There are few global estimates of silicate Ca + Mg fluxes from sedimentary rocks (shales and sandstones). Berner et al. [3] calculated global weathering rates using riverine data of Meybeck [71] and the assumption that 15 per cent of calcium in all sediments globally is found in silicate minerals [47]. However, this approach gives numbers that are about an order of magnitude larger than our estimated weathering of sedimentary rocks (following erosion and runoff corrections), in spite of our using similar mineralogies for sandstones and shales (table 2). We also employed a very high mineral surface area for these rocks, but the minerals (albite, K-feldspar, chlorite and smectite) have relatively slow weathering rate laws [35]. Without any corrections owing to erosion or runoff, we obtain for these rocks a flux similar to that of Berner et al. [3]. However, we can see no rationale for excluding the effects of erosion and runoff because this would imply that the weathering front on shales and sandstones is never obstructed by thick soils or other occlusions, and that these rocks do not respond to the exposure of fresh surfaces following physical erosion.

4. Present-day weathering by plants and mycorrhizal fungi

As expected from a weathering model driven by the biological proton cycle [16], our simulations reveal strong relationships between vegetation NPP and the flux of Ca and Mg owing to the weathering of silicate rocks [10]. These relationships vary with lithology and plant and mycorrhizal functional type (figure 5). Because the runoff and erosion corrections (equations (2.5) and (2.8)) account for changes in soil properties such as reacting mineral surface area rather than characteristics of the plants or their symbionts, we analyse the potential (uncorrected) flux of Ca + Mg from our weathering model.

Figure 5.

Figure 5.

Uncorrected Ca + Mg fluxes from weathering of (a,b) basalt and (c,d) granite versus net primary productivity for the high-resolution modern model run, showing plant (a,c) and mycorrhizal (b,d) functional types. Watersheds that have at least 30% natural grasslands or forest according to the Water Resources eAtlas [62] have been assigned a mycorrhizal type based on the dominant plant families. African and South American watersheds are all considered to be AM. Pixels outside the Water Resources eAtlas watersheds were assigned a mycorrhizal type based on plant functional type, as shown in table 1.

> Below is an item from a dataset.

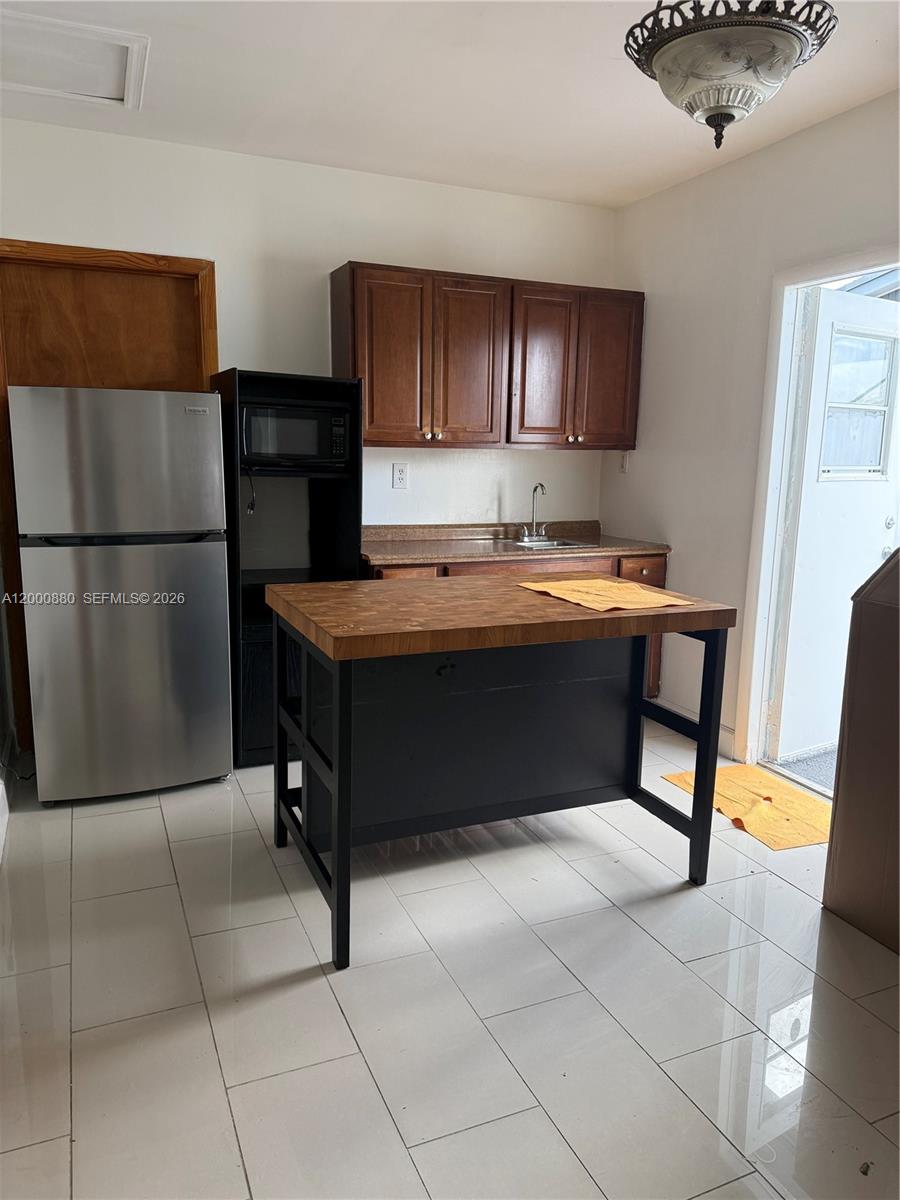 13410 Southwest 81st Street, Unit 2 Miami, FL 33183 - Photo 2 of 6 a room with cabinets and refrigerator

As expected from geochemical theory [72] and field observations [56], basalt weathers faster than granite. In the model, this occurs for two reasons. First, because the reactive mineral surface area of basalt is two orders of magnitude higher than granite, and second, because the rate laws for dissolution of minerals of basalt are faster than those of granite (figure 5). However, the higher buffering capacity of basalt compared with granite limits the effect of acidification on its weathering rates. This means that on basalt, acidification by EM fungi is primarily important at low NPP. On granite, the ability of EM fungi to focus protons on minerals makes them more effective weathering agents than AM fungi as NPP increases.

The gradient in NPP at the global scale (figure 2a) is driven primarily by climate linked to vegetation type. Evergreen broad-leaved trees (i.e. tropical rainforests) have the highest NPP of all the simulated PFTs, and they drive the highest weathering fluxes on both rock types (figure 5a,c). Deciduous broad-leaved trees (i.e. temperate forests) are the next most productive, and needle-leaved trees of boreal forests are generally less productive again. In terms of weathering, evergreen broad-leaved trees achieved high rates, even though they are usually AM, because of high productivity driving the biological proton cycle and high acidity of the soil solution.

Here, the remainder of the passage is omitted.